WHAT TO PRODUCE — Below are records with pictures. Reproduce exactly the lines from the line with "Next I have" to the line with "A totally versatile", inclusive, and leave each picture out.

SOURCE INFORMATION —
============================================================

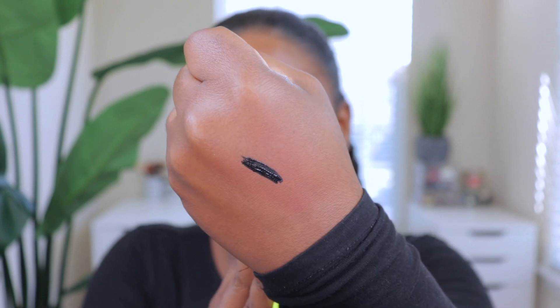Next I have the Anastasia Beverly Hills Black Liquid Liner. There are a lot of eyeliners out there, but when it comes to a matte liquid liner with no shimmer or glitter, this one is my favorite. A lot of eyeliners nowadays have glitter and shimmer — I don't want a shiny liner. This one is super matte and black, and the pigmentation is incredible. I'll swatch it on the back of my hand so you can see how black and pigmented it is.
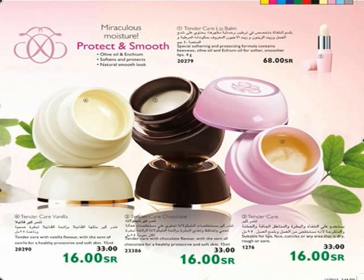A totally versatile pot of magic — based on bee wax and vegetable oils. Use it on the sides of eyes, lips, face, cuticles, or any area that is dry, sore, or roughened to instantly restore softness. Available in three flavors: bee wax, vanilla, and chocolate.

============================================================

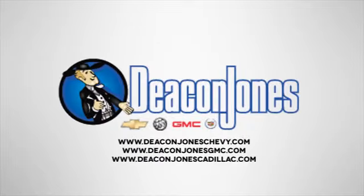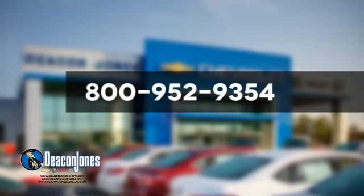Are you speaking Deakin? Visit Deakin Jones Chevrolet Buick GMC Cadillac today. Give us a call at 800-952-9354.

============================================================

WRITTEN SOLUTION —
Next I have the Anastasia Beverly Hills Black Liquid Liner. There are a lot of eyeliners out there, but when it comes to a matte liquid liner with no shimmer or glitter, this one is my favorite. A lot of eyeliners nowadays have glitter and shimmer — I don't want a shiny liner. This one is super matte and black, and the pigmentation is incredible. I'll swatch it on the back of my hand so you can see how black and pigmented it is.
A totally versatile pot of magic — based on bee wax and vegetable oils. Use it on the sides of eyes, lips, face, cuticles, or any area that is dry, sore, or roughened to instantly restore softness. Available in three flavors: bee wax, vanilla, and chocolate.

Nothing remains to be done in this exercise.